As empresas de conteúdo, éticas e independentes, são essenciais para a democracia. Mas precisam se reinventar. E parte importante dessa mudança, urgente e necessária, passa por uma autocrítica sincera, que não briga com a realidade e com a força dos fatos.
Muitos foram os recados dessa eleição disruptiva. O presidente eleito soube captar o pulsar profundo da sociedade. O Brasil real estava algemado pela interdição da ideologia. Sua mensagem – na política, na economia, na segurança pública, na defesa da família e dos valores – foi ao encontro de um sentimento latente na alma nacional. Isso explica boa parte do seu desempenho. Sem dinheiro, sem partido, sem televisão e sem apoio midiático, Bolsonaro transformou-se num fenômeno eleitoral.
As redes sociais, por óbvio, tiveram papel decisivo. Bolsonaro falou diretamente com o eleitorado. Rompeu, como nunca antes se tinha visto, a intermediação das empresas de comunicação. E a coisa está pegando. Mas não cola por acaso. O fenômeno de desintermediação teve, creio, precedentes que poderiam ter sido evitados, não fosse o distanciamento da mídia dos seus leitores, sua incapacidade de entender o alcance das novas formas de consumo digital da informação e, em alguns casos, sua falta de isenção informativa e certa dose de intolerância ideológica.
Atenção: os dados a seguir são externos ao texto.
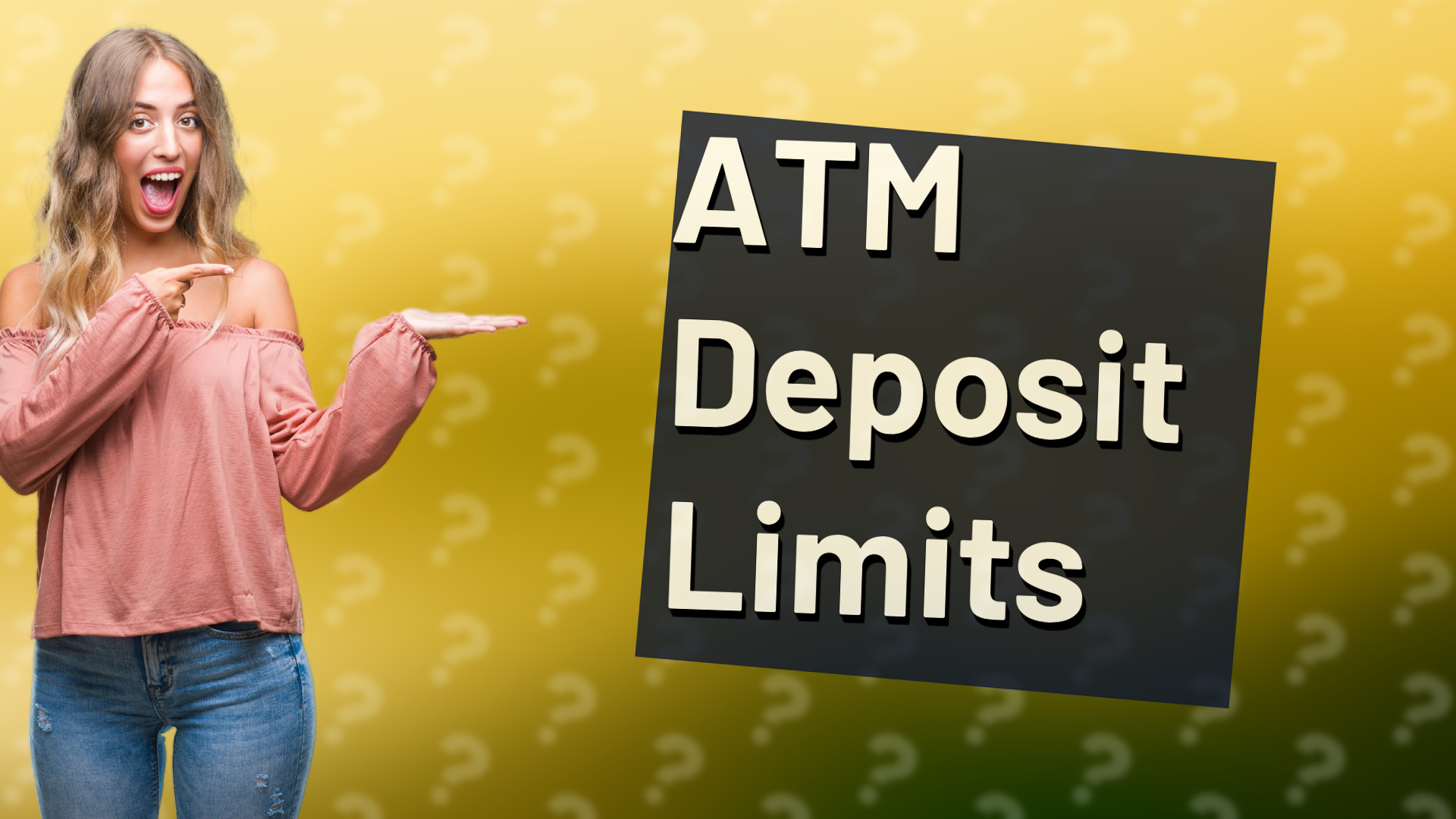 ATM Deposit Limits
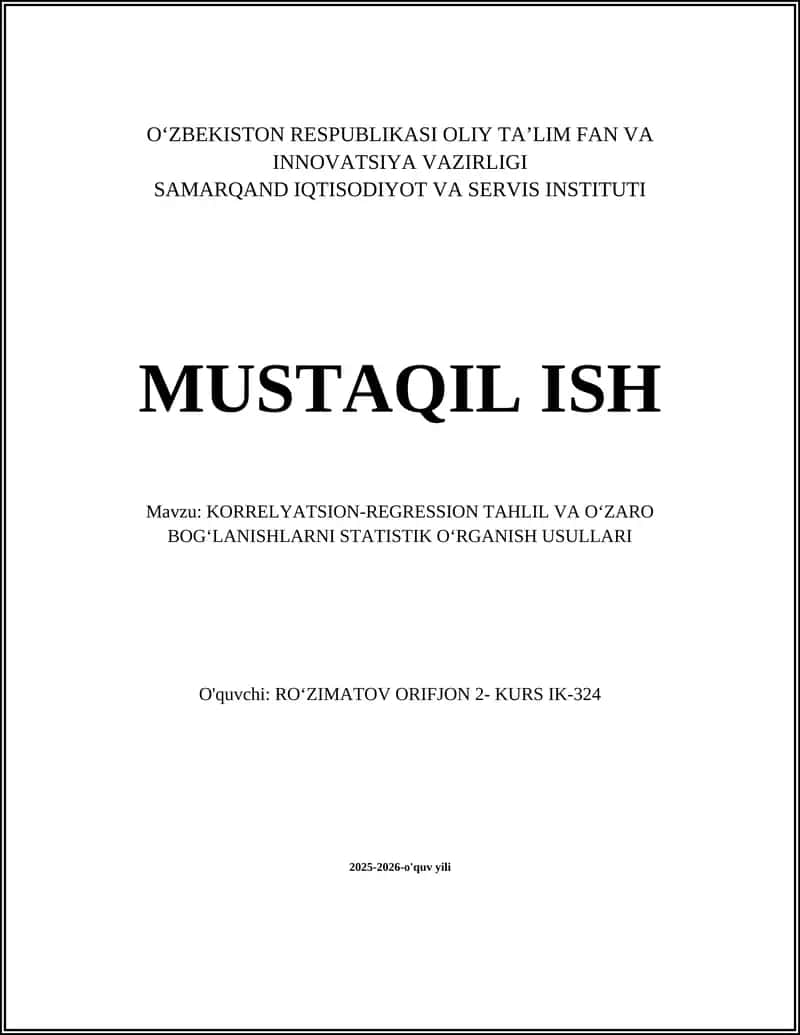 KORRELYATSION-REGRESSION TAHLIL VA OʻZARO BOGʻLANISHLARNI STATISTIK OʻRGANISH USULLARI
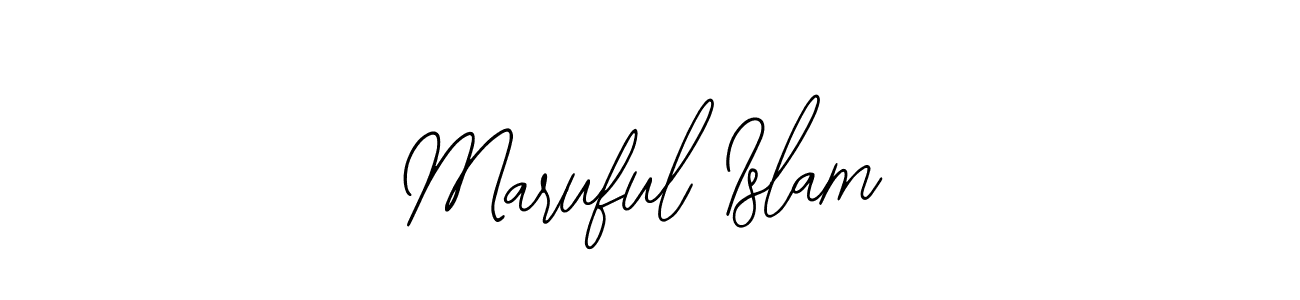 You should practise on your own different ways (Bearetta-2O07w) to write your name (Maruful Islam) in signature. don't let someone else do it for you. Maruful Islam signature style 12 images and pictures png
Em longo artigo na revista Veja, José Roberto Guzzo, jornalista sênior e competente analista, traçou um brilhante roteiro do processo de autofagia da imprensa, do seu distanciamento ideológico da realidade, de suas fraturas no dever de isenção e, consequentemente, do seu crescente afastamento dos consumidores da informação.
Guzzo, armado de uma retórica afiada, lança uma saraivada de indagações procedentes: “Por que a mídia ignorou a lista de desejos, claríssimos, que a maioria da população estava apresentando aos candidatos? Por que não tentou, em nenhum momento, entender por que um número cada vez maior de eleitores se inclinava a votar em Jair Bolsonaro? Durante meses seguidos, os comunicadores brasileiros tentaram provar no noticiário que coisas trágicas iriam acontecer para todos se Bolsonaro continuasse indo adiante – mas nunca pensaram na possibilidade de que milhões de brasileiros estivessem achando que essas coisas trágicas, justamente essas, eram as que consideravam as mais certas para o país”.
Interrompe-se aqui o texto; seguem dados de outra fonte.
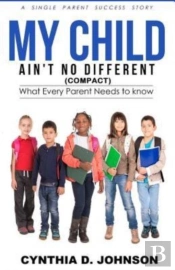 My Child Ain'T No Different  Compact : A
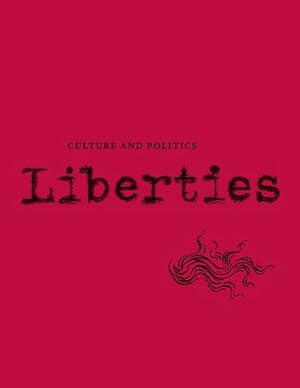 Imagen del vendedor de Liberties Journal of Culture and Politics: Volume I, Issue 2 by Julius, Anthony, Lemann, Nicholas, Brendel, Alfred, Berman, Paul, Graham, Jorie, Ajami, Fouad, Goldsmith, Jack, Luttwak, Edward, Calasso, Roberto, Hutchinson, Ishion, Sheidel, Walter, Vendler, Helen, Alter, Robert, Scott, Daryl Michael, Warren, Rosanna, Macaulay, Alastair, Greenberg, David [Paperback ] a la venta por booksXpress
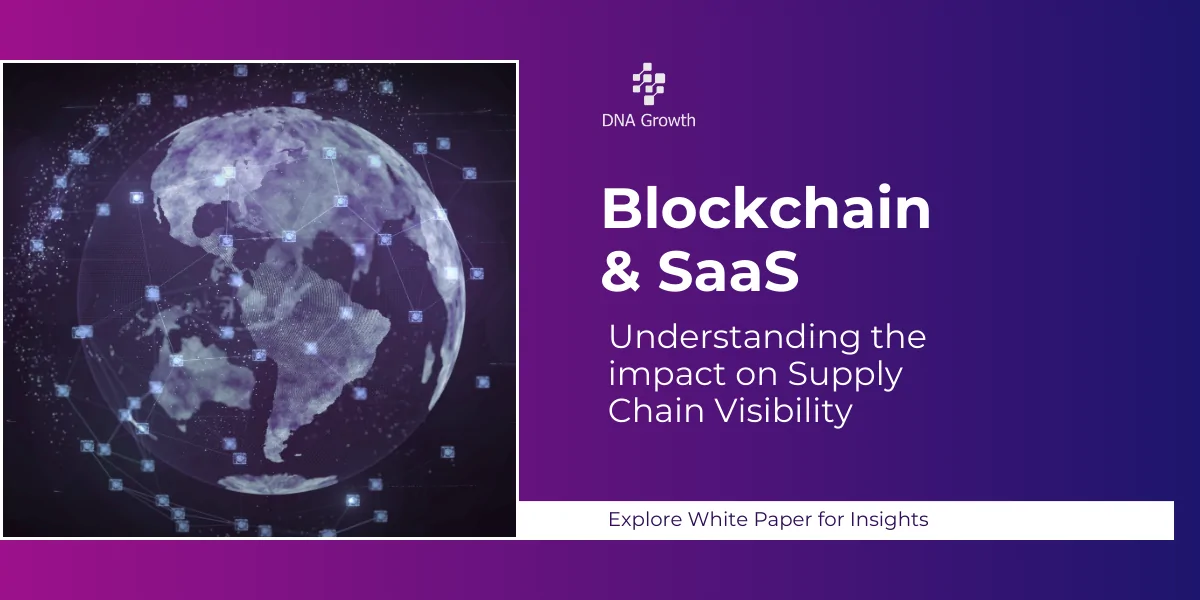 The Future of Supply Chain Visibility with Blockchain and SaaS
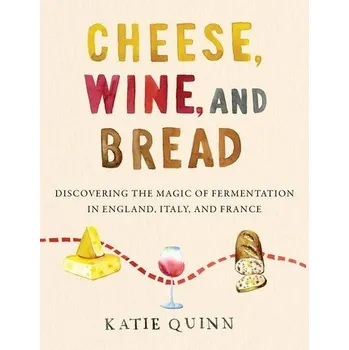 Populárně naučná literatura pro dospělé Cheese, Wine, and Bread - Davies Katie Quinn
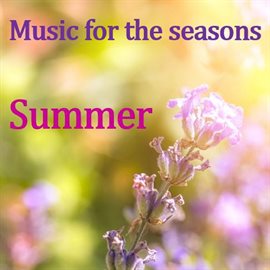 Cover image for Music for the Seasons: Summer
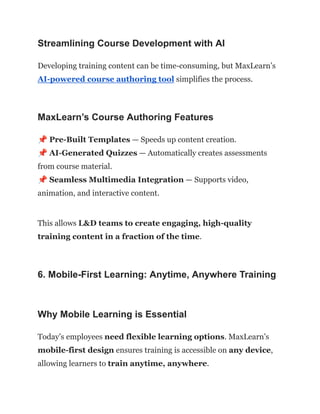 Streamlining Course Development with AI
Developing training content can be time-consuming, but MaxLearn’s
AI-powered course authoring tool simplifies the process.
MaxLearn’s Course Authoring Features
📌Pre-Built Templates — Speeds up content creation.​
📌AI-Generated Quizzes — Automatically creates assessments
from course material.​
📌Seamless Multimedia Integration — Supports video,
animation, and interactive content.
This allows L&D teams to create engaging, high-quality
training content in a fraction of the time.
6. Mobile-First Learning: Anytime, Anywhere Training
Why Mobile Learning is Essential
Today’s employees need flexible learning options. MaxLearn’s
mobile-first design ensures training is accessible on any device,
allowing learners to train anytime, anywhere.
 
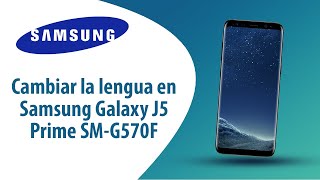 ¿Cómo cambiar la lengua en Samsung Galaxy J5 Prime SM-G570F?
“A mídia, na verdade, convenceu a si própria de que não estava numa cobertura jornalística, e sim numa luta do bem contra o mal. Em vez de reportar, passou a torcer e a trabalhar por um lado da campanha, convencida de ter consigo a ‘superioridade moral’. Resultado: disputou uma eleição contra Jair Bolsonaro e perdeu, por mais de 10 milhões de votos de diferença. Não é função dos órgãos de comunicação disputar eleições”, concluiu Guzzo.
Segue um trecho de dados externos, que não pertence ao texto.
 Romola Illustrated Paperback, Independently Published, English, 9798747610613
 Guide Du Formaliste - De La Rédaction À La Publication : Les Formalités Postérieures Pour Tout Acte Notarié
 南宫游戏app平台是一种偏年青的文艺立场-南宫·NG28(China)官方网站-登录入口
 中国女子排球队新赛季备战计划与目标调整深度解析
Escorregamos na largada da cobertura. Assumimos, sem senso crítico, a estratégia petista de que Lula era candidato à Presidência da República em 2018. Não apenas isso, a mídia, contra o sentimento da maioria da população, garantia que o ex-presidente, cumprindo pena por corrupção e na contramão da Lei da Ficha Limpa, era favorito disparado para ganhar. Entramos de cabeça numa hipótese muito pouco provável. Nossas manchetes, apoiadas na abstração dos institutos de pesquisa, asseguravam que Lula era imbatível. Em nenhum momento desmontamos a fábula petista.
Quando o próprio Lula, finalmente, anunciou que não era candidato, e os institutos mudaram o foco, entramos em cheio na segunda fase da estratégia petista: Fernando Haddad era a bola da vez. O poder eleitoral de Lula, transferindo milhões de votos de sua cela em Curitiba, elegeria o poste. Mas não paramos aí. Entramos, mais uma vez, na roubada dos institutos: Bolsonaro perderia de “todos os outros candidatos” no segundo turno, em “todas as pesquisas”. Lembram disso? Pois é. Deu-se o exato contrário. Perigosos desvios de rota levaram a mídia a um porto inseguro.
Estamos de costas para a sociedade real. Não se trata, por óbvio, de ficar refém do pensamento da maioria. Mas o jornalismo, observador atento do cotidiano, não pode desconhecer e, mais que isso, confrontar permanentemente o sentir das suas audiências.
A verdade, limpa e pura, é que frequentemente a população tem valores opostos aos nossos. É, por exemplo, a favor da polícia, que a imprensa considera inimiga dos pobres, e contra os bandidos, que os jornalistas consideram vítimas da injustiça social.
O jornalismo precisa fazer a leitura correta e isenta dos acontecimentos. É preciso informar com objetividade. Esclarecer os fatos sem a distorção das preferências e dos filtros ideológicos.
A internet, o Facebook, o Twitter e todas as ferramentas que as tecnologias digitais despejam a cada momento sobre o universo das comunicações mudaram a política e mudarão o jornalismo. Queiramos ou não.
A imprensa de qualidade, séria e independente, é essencial para o futuro da democracia. E tudo isso, tudo mesmo, depende da nossa coragem e humildade para fazer a urgente e necessária autocrítica. Não bastam medidas paliativas. É hora de dinamitar antigos processos e modelos mentais ideológicos. A crise é grave. Mas a oportunidade pode ser imensa. A todos, feliz Natal!